Not only is the Indian Government pressurising Twitter to ban journalists and human rights activists who report anti-Muslim hate crimes, but Hindu nationalist organisations are also threatening the company with violence.
Last year, when Dr Gregory Stanton warned that the “preparation” for genocide against Muslims in India and Kashmir is underway, the response from the international community could not have been more indifferent, despite Dr Stanton being widely considered the pre-eminent authority on genocide and ethnic cleansing.
There are plenty of reasons to believe that his warning has now morphed into a gathering storm cloud which can be seen on the horizon. It is even reasonable to conclude that the situation faced by Muslims in India today is fast catching up to the reality endured by the Uyghur minority in China since 2017, with the comparisons becoming too hard to ignore.
Under Prime Minister Narendra Modi’s rule, imams are being criminalised and arrested on bogus charges; mosques are being attacked all over the country; and Islamophobic conspiracies have become the basis for new laws discriminating against Muslims. Interfaith marriages are being banned; Muslim deaths in custody are on the rise; and lynching attacks are occurring with greater frequency and ferocity. There have been 10 separate mob lynching attacks against Muslims since 1 May.

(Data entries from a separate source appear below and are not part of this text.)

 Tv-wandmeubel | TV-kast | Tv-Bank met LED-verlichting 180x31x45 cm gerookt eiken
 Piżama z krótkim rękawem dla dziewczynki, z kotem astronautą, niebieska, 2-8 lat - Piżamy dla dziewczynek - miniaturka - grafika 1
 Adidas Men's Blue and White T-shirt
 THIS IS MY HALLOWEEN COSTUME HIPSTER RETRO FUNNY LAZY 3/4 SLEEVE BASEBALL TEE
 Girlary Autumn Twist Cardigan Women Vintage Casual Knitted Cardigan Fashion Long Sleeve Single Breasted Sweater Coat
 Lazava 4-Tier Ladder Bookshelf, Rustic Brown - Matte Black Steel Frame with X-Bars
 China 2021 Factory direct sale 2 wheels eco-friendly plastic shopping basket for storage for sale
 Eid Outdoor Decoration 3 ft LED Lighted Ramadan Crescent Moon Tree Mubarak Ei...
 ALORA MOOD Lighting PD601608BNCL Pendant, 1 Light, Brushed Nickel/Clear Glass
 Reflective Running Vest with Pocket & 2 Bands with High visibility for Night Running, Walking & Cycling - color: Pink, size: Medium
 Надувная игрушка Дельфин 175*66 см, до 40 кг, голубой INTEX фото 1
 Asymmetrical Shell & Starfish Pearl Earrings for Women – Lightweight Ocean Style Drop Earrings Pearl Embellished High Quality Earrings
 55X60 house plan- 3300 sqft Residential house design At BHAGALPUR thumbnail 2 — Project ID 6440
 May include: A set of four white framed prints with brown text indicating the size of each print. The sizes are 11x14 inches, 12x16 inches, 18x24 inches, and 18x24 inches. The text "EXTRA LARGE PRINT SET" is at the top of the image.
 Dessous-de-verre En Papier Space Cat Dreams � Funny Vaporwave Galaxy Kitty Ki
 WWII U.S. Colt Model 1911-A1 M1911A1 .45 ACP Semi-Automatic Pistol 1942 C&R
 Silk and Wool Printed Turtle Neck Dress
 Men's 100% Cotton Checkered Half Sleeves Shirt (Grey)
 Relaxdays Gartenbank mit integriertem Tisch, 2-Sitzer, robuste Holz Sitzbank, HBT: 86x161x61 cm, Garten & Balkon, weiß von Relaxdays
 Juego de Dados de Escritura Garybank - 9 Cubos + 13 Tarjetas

This escalation of hostility towards Muslims started with the passing of the Citizenship Amendment Act – which discriminates against Muslims having Indian citizenship – and the revocation of Kashmir’s semi-autonomous status. But today we are witnessing the ‘othering’ of the religious minority on all fronts and at all levels of Indian society.
Last month, Uttar Pradesh police arrested Umar Guatam, a Muslim convert who became an iman, after accusing him of forcibly converting 1,000 Hindus over the course of 35 years, despite not one of them ever alleging forced conversion or filing a complaint about being forced to accept Islam. Under the state’s draconian anti-conversion law, the burden of proof is not on prosecutors but on the Muslim accused of forcibly converting Hindus – thus forcing the Muslim to prove their innocence, rather than the state proving their guilt.
Anti-conversion laws go hand-in-hand with newly legislated ‘love Jihad’ laws, which prohibit inter-faith marriage and advance the Islamophobic conspiracy theory alleging that Muslim men are ticking Hindu women into marrying them as part of plot to transform India into an Islamic caliphate.
In New Delhi, Muslim street hawkers are being bashed and boycotted by Hindu competitors who have become radicalised by the ‘street vendor jihad’ conspiracy theory, which, of course, runs parallel to ‘land jihad’, ‘economic jihad’, ‘Corona-jihad’, ‘history jihad’ and ‘media jihad’ conspiracies.
When Muslims are attacked and lynched by Hindu gangs because of these hateful conspiracies, they do not have a sympathetic criminal justice system to rely upon. The country’s police departments are being radicalised by Hindu nationalist forces – a reality brought into view by the recent rise in the deaths and torture of Muslims in police custody.
A recent report into custodial torture and death across the world reveals that 1,731 people died in the custody of Indian security forces and correction officers in 2019, with most of the victims hailing from minority communities, particularly Muslims and Dalits.
It should also be noted that police officers participated in the killings of 52 Muslims during the 2020 Delhi Riot, with a fact-finding report citing “instances of sexual harassment of Muslim women by the cops and also instances of police engaging in direct violence and abuse”.
While these separate events on their own do not amount to genocide, what is clear is that the 2020s have come to represent the decade of living dangerously for 200 million Muslims in India.